Both of Carter’s parents played crucial roles in Cash’s rehabilitation, and her father became his spiritual confidant. A single scene in the movie with Cash discussing this vital subject with either June, Maybelle, or Eck Carter could have added great depth to the film and properly portrayed the truth of Cash’s inner struggle. Instead, the film focuses on the impact of two other family-related problems: the death of his beloved older brother Jack when Cash was only twelve, and the lifelong coldness of Cash’s father, who clearly favored his oldest son and resented the fact that the devil “took the wrong son.” Needless to say, both of these incidents were crucial motivating factors in Cash’s life, but he learned to live with both difficulties due to two more important motivators: his religious faith and the love of June Carter.

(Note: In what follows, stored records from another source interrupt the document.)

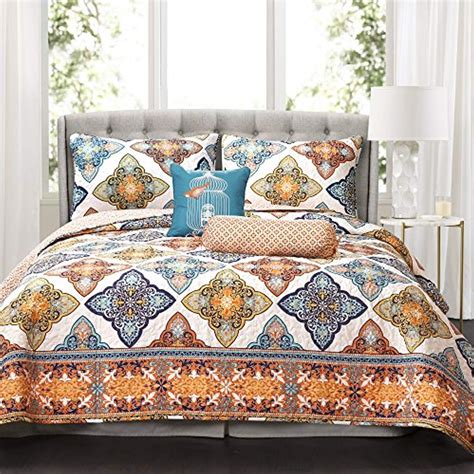 Shop the latest queen comforters & sets at hsn.com. Lush Decor Persis 5Piece Quilt Set, Full/Queen, Turquoise ...
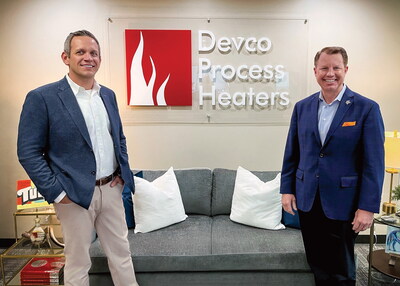 Jeff Hutsell (left) and Darton Zink finalized Zeeco's acquisition of Devco Process Heaters in late 2025.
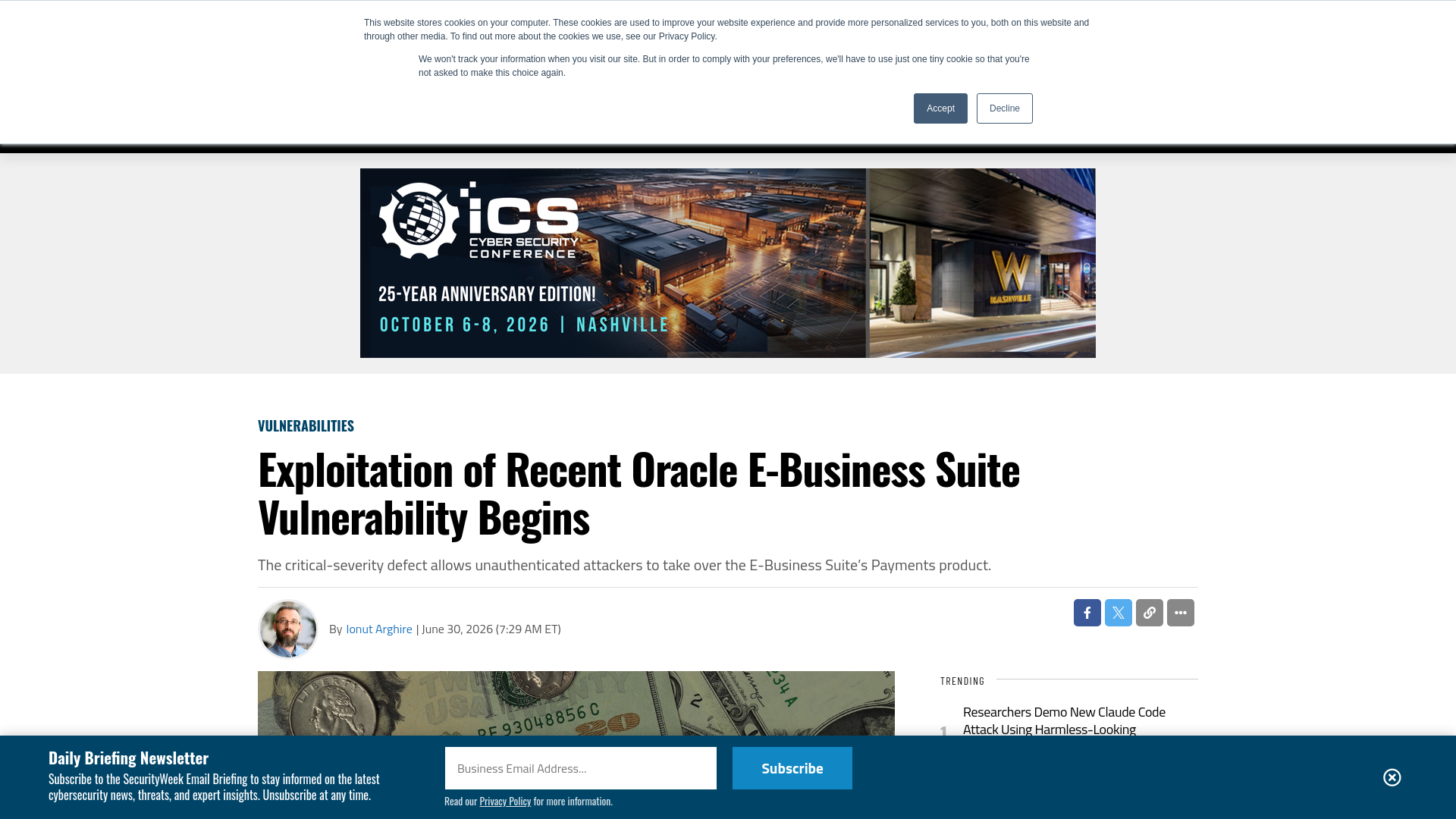 Exploitation of Recent Oracle E-Business Suite Vulnerability Begins - SecurityWeek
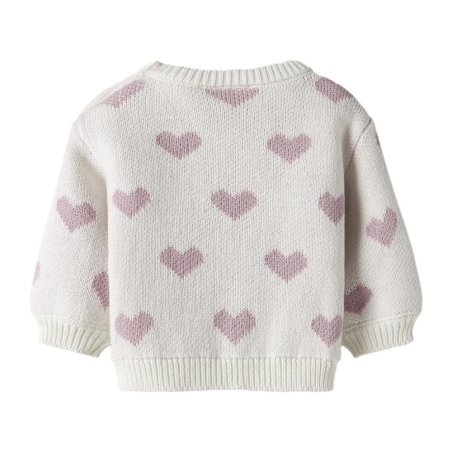 Pull Blanc/Rose Fille Name it Foana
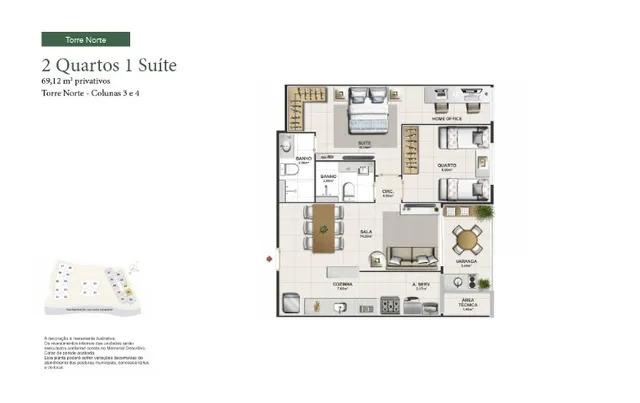 Apartamento à venda com 2 quartos, 69m² - Foto 9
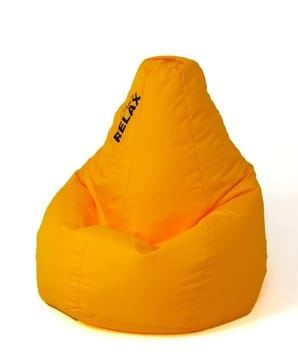 Sako krepšys pouffe Pear yellow L 105 x 80 cm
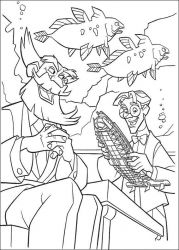 plansa de colorat atlantis #14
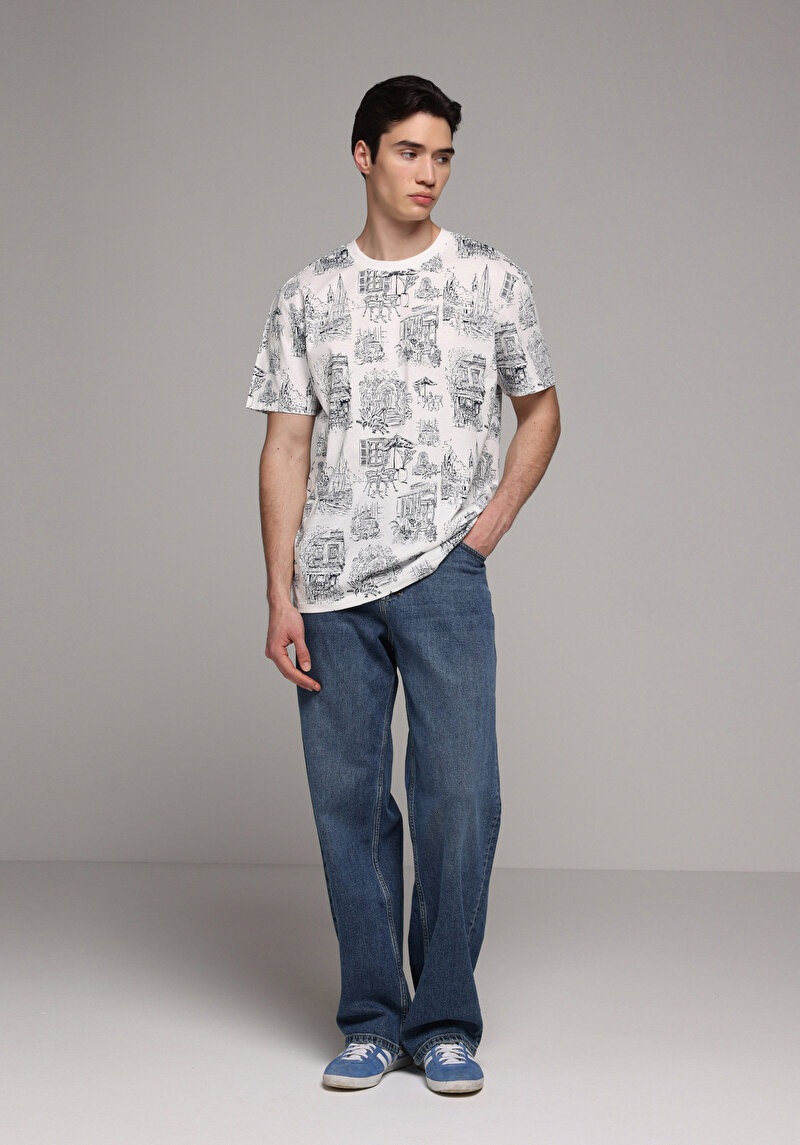 Imagine a Tricou Cu Maneca Scurta De Barbati Alb Regular Fit  Cl1078808
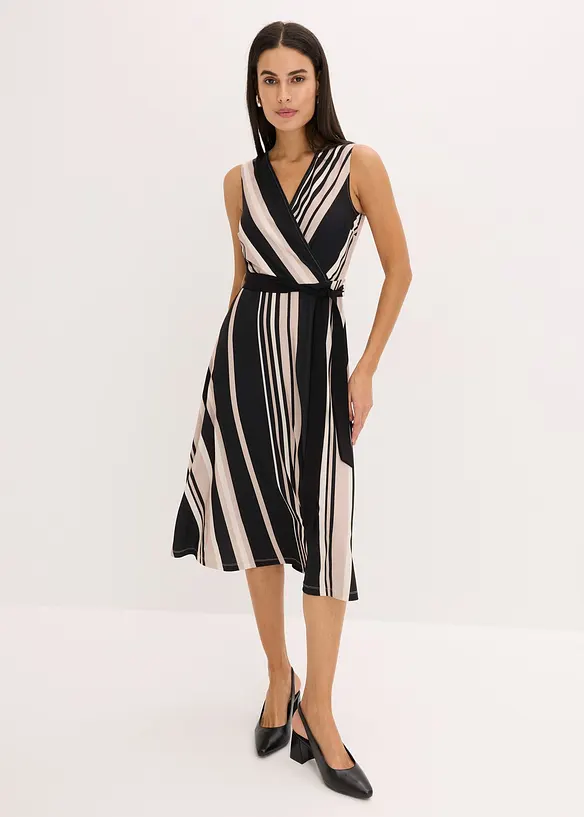 Shirtjurk met strikceintuur, bonprix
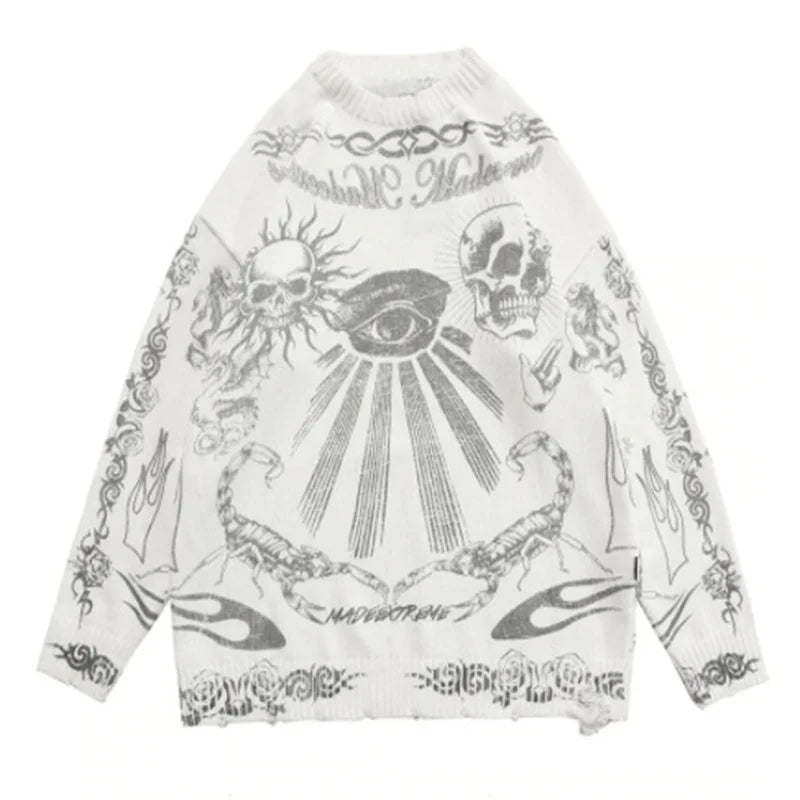 Cotton Embroidery Pullover High Quality Design Sweater For Men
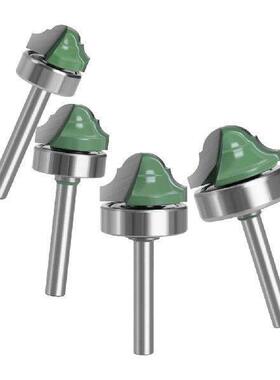 4pcs 1/4inch Shank Bilateral Frame Line Router Bit Double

Nevertheless, Walk the Line is an enjoyable and vibrant film with great music and exceptional performances. It’s far superior to last year’s Ray, which, apart from Jamie Foxx’s good performance, was overrated and rather movie-of-the-weekish. Walk the Line, regardless of its predictabilities, has numerous thematic virtues. It’s unusually honest about adultery, drugs, and the concept of sin. It also clearly respects Christianity and its promise of redemption. So maybe it’s unfair to wish that the film had somehow transcended itself and revealed more of the essence of the Man in Black, but that’s exactly what Johnny Cash would have wanted.